### Source material

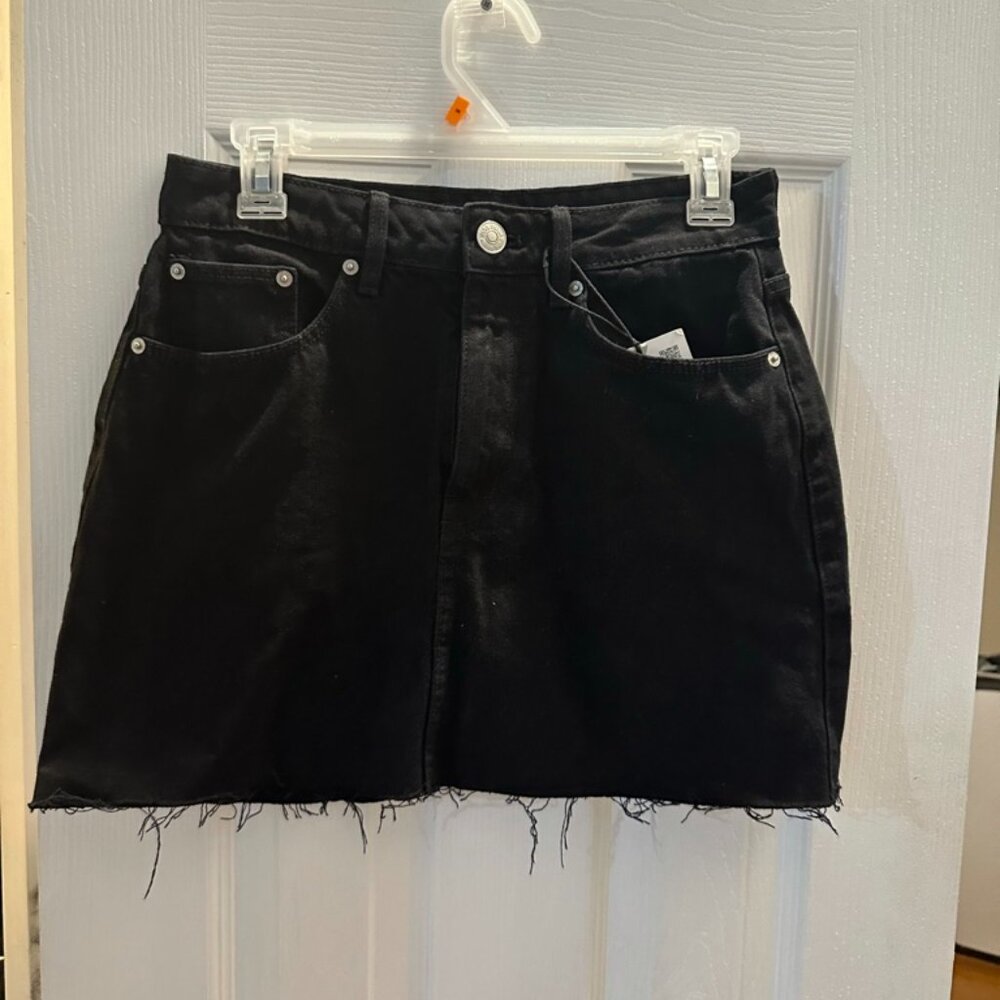 Zara Black High Waist Denim Skirt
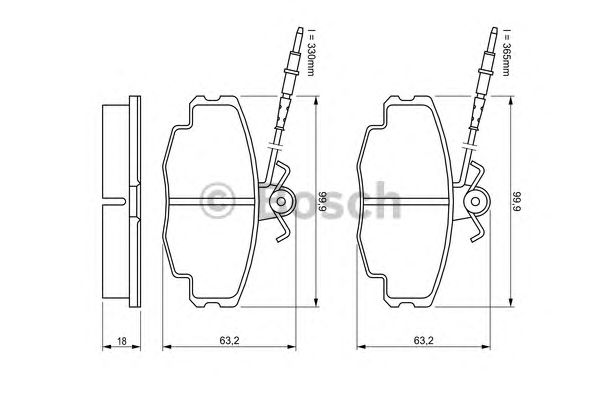 Тормозные колодки BOSCH 0 986 461 117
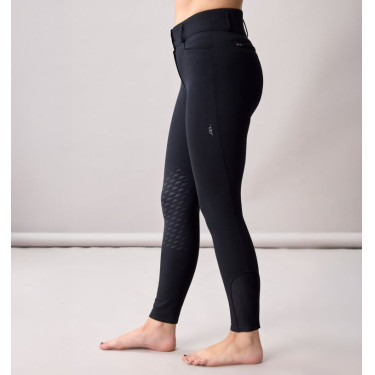 Pantaloni da equitazione donna a vita alta Horseware Allora Alessandro Albanese con grip al ginocchio Nero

### Task prompt
Output the data exactly as it appears. The pictures do not belong in it.

### Exercise output
 Zara Black High Waist Denim Skirt
 Тормозные колодки BOSCH 0 986 461 117
 Pantaloni da equitazione donna a vita alta Horseware Allora Alessandro Albanese con grip al ginocchio Nero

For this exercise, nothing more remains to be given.